Is there any good resource for understanding the theory behind the centroid of a mass, $(\bar{x}, \bar{y})=(\cfrac1A\int_{a}^{b}xf(x)dx, \cfrac1A\int_{a}^{b}\cfrac12f(x)^2)$, particularly for someone who doesn't have much a background in physics? The proof given in my calc 2 textbook isn't pleasant to follow and I can't find any decent illustrations of a proof
I understand the concept. I get I'm supposed to imagine something like a fulcrum balancing an object at a point such that the object does not tip over. I just don't understand how to derive the formulas.
Areas make more sense as double rather than single integrals. The area of an object would simply be
$$A = \iint_A 1\cdot dA$$
and having an integrand other than one can be interpreted as being the density of some object with a mass. In this context the center of mass is given by
$$\bar{x} = \frac{1}{A} \iint_A x\cdot dA$$
$$\bar{y} = \frac{1}{A} \iint_A y\cdot dA$$
where the interpretation is that the integrand is the value that is averaged over $A$ so the integral finds the "average" $x$ and the "average" $y$, a reasonable definition for a center of mass (a centroid is purely geometric so the density is assumed to be $1$ so that the mass $=$ area).

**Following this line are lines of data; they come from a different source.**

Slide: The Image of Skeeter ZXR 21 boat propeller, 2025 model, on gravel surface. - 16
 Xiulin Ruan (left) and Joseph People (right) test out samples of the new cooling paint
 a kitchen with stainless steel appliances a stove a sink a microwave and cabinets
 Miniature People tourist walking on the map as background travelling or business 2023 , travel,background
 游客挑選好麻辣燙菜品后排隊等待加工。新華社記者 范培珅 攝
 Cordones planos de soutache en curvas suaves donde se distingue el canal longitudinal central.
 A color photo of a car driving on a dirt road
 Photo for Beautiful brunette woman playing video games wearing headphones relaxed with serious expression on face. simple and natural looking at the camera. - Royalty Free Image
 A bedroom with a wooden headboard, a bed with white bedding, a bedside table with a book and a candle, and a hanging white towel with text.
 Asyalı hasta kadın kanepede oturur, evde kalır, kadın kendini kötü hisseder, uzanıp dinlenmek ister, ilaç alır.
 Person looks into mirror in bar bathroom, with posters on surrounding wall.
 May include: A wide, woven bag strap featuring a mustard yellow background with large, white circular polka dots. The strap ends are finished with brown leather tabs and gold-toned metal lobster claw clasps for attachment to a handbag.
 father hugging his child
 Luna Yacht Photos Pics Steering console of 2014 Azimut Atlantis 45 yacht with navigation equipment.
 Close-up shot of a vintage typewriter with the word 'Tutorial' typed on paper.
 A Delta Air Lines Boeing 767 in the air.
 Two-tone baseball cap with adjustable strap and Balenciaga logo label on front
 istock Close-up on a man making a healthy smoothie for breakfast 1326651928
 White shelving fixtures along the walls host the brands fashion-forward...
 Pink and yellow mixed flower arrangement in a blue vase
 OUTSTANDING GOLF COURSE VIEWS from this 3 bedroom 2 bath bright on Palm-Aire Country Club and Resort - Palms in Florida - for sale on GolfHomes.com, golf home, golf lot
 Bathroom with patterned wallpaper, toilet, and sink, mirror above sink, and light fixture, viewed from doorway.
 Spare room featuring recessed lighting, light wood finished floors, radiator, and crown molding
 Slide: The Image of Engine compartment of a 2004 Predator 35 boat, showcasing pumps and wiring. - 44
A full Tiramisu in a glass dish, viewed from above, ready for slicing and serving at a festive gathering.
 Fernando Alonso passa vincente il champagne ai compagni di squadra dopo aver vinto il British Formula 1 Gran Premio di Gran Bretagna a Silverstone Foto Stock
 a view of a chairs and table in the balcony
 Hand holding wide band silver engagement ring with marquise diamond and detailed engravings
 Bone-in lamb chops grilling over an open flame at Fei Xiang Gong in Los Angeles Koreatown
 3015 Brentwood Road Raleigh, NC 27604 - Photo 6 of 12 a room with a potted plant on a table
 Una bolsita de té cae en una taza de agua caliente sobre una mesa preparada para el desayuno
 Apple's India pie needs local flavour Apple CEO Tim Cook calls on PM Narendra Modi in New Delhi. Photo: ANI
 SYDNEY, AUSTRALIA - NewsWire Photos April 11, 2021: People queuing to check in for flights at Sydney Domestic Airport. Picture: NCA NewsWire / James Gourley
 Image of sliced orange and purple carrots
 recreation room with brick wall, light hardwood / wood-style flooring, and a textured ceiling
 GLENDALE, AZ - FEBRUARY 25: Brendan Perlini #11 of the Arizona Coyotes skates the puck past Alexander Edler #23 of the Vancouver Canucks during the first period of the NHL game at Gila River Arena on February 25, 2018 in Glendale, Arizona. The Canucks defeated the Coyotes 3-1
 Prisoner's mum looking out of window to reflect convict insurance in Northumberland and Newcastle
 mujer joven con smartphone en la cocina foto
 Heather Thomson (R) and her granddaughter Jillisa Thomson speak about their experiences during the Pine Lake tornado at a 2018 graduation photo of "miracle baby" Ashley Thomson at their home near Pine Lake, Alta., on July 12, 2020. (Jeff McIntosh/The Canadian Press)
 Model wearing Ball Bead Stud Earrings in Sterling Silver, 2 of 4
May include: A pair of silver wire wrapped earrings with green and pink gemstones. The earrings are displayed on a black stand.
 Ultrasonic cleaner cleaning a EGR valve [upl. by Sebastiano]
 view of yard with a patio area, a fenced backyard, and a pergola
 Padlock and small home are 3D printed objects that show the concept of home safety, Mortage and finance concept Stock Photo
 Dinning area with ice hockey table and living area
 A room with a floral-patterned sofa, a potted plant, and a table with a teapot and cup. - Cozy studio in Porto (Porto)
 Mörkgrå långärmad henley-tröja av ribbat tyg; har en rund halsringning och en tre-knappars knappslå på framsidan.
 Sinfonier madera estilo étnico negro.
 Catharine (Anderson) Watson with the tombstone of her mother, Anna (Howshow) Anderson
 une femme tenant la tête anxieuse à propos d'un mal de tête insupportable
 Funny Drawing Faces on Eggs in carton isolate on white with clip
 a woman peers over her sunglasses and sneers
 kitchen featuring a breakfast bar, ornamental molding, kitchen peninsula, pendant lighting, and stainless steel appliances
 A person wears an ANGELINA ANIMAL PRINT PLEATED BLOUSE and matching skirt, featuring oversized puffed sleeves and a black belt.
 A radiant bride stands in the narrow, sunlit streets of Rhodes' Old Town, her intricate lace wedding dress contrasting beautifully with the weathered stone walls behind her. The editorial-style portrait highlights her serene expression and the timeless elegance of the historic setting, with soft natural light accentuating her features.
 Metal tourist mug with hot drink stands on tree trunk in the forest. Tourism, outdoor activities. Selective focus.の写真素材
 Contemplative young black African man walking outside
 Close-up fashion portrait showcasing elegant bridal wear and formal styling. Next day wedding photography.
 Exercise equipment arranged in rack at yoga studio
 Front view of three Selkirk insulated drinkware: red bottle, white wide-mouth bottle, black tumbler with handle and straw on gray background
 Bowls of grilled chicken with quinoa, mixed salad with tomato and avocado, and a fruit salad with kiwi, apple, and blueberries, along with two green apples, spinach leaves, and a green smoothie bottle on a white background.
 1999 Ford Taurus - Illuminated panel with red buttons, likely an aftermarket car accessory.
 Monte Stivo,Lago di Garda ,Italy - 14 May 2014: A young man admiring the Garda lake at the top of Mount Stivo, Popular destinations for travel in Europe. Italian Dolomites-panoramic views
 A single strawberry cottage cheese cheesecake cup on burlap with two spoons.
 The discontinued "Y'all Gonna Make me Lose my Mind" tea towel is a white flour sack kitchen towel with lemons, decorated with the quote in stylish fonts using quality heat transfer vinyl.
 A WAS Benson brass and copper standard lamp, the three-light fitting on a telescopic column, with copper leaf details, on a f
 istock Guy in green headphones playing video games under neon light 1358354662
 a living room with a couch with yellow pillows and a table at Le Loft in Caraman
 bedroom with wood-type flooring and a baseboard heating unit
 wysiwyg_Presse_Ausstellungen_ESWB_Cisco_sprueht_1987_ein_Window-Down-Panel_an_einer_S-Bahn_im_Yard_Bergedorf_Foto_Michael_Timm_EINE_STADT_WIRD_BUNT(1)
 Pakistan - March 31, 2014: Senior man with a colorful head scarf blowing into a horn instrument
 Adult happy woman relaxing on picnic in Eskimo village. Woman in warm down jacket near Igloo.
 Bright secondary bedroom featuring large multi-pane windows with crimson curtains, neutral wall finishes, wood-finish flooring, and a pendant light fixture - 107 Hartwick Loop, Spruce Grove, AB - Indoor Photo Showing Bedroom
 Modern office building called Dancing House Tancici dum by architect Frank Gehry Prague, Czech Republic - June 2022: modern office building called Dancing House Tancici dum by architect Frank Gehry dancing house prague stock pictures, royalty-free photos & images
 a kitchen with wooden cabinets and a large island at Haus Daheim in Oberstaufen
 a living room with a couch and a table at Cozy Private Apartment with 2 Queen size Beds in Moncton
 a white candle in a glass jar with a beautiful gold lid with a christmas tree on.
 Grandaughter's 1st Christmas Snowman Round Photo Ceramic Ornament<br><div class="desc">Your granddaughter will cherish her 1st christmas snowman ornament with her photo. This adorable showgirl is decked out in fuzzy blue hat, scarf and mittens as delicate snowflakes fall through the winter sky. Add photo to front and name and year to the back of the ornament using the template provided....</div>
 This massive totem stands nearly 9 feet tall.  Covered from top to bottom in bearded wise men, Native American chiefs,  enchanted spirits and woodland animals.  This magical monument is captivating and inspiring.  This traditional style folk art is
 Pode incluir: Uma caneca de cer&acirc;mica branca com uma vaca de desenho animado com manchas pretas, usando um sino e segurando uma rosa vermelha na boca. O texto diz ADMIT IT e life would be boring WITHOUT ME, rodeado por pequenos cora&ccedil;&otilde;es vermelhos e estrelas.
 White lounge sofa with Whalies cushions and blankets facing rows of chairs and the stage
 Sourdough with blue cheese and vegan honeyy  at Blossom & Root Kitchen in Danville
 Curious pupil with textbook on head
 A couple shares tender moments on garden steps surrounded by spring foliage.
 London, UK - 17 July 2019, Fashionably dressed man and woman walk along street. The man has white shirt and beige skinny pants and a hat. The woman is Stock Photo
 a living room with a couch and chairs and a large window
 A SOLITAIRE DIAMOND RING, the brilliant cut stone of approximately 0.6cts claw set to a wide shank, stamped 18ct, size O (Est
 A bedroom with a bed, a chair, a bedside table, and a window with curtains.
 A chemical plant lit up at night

In single variable calculus, however, you are taught that integrals get you areas under the curve of a function. This lines up because if we set up the double integral with $y$ first and try to find the area between a function and the $x$ axis
$$A = \int_{x=a}^{x=b} \int_{y=0}^{y=f(x)}1\cdot dy\:dx = \int_a^b f(x) \: dx$$
which lines up perfectly. Just take the previous double integrals further with these exact same bounds to derive the formulas from your textbook:
$$\bar{x} = \frac{1}{A} \int_a^b \int_0^{f(x)} x\:dy\:dx = \frac{1}{A} \int_a^b x\:f(x)\:dx$$
$$\bar{y} = \frac{1}{A}\int_a^b \int_0^{f(x)} y \:dy\:dx = \frac{1}{A}\int_a^b \frac{1}{2}[f(x)]^2\:dx$$